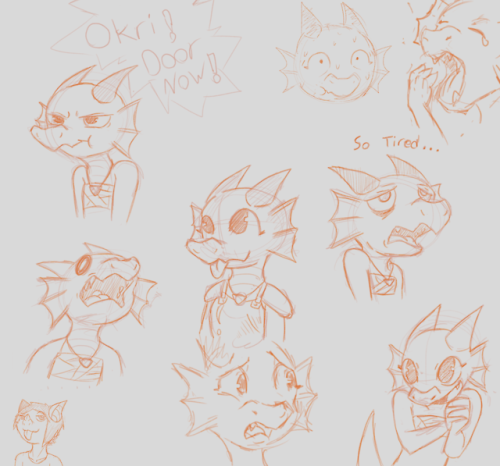 Found some doodles of @mrlasa kobold, Okri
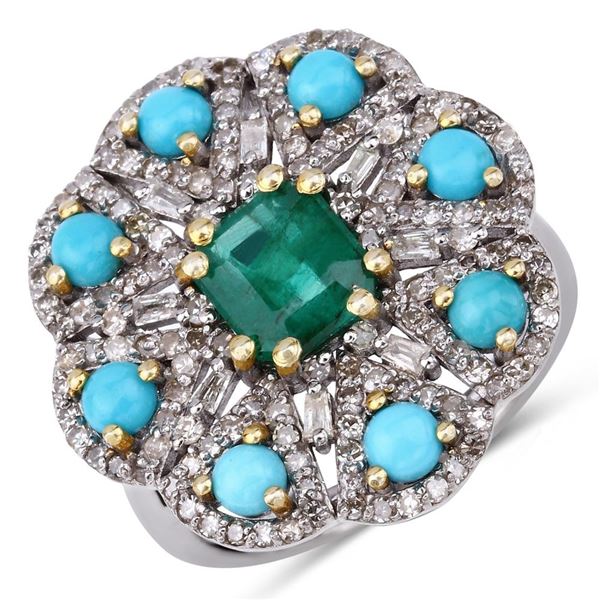Turquoise Diamond & Emerald Cocktail Ring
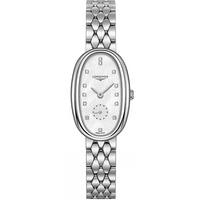 Longines Ladies Oval Symphonette Diamond Dial Mother Of Pearl Bracelet Watch L23064876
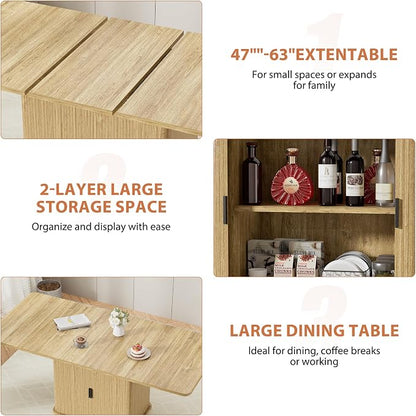 Extendable Dining Table for 4–6, 47″–63″ Rectangular Kitchen Table with Storage, Mid Century Modern Expandable Dinner Table for Dining Room,Kitchen
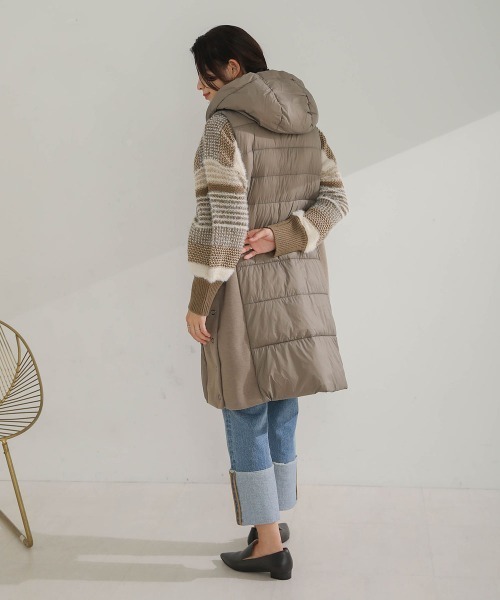 Bou Jeloud（ブージュルード）の「サイド切替CLOMAX中綿ロングベスト（ダウンベスト・レディース・ホワイト系その他/モカ/ブラック・38）」の17枚目の写真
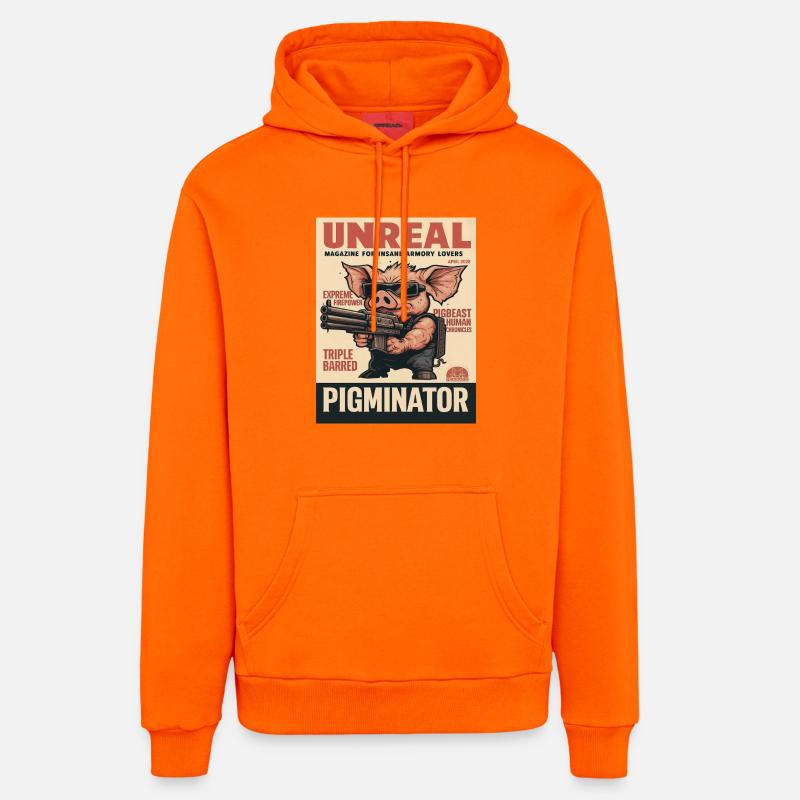 Enveloppe rétro d’arme Pigminator - Sweat à capuche bio décontracté fabriqué en UE - SUNSET ORANGE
========================================
- EXERCISE BRIEF -
Copy exactly the lines from the one containing "Longines Ladies Oval" to the end of the records, both included, and leave the pictures out.

- SOLUTION TO THIS EXERCISE -
 Longines Ladies Oval Symphonette Diamond Dial Mother Of Pearl Bracelet Watch L23064876
 Extendable Dining Table for 4–6, 47″–63″ Rectangular Kitchen Table with Storage, Mid Century Modern Expandable Dinner Table for Dining Room,Kitchen
 Bou Jeloud（ブージュルード）の「サイド切替CLOMAX中綿ロングベスト（ダウンベスト・レディース・ホワイト系その他/モカ/ブラック・38）」の17枚目の写真
 Enveloppe rétro d’arme Pigminator - Sweat à capuche bio décontracté fabriqué en UE - SUNSET ORANGE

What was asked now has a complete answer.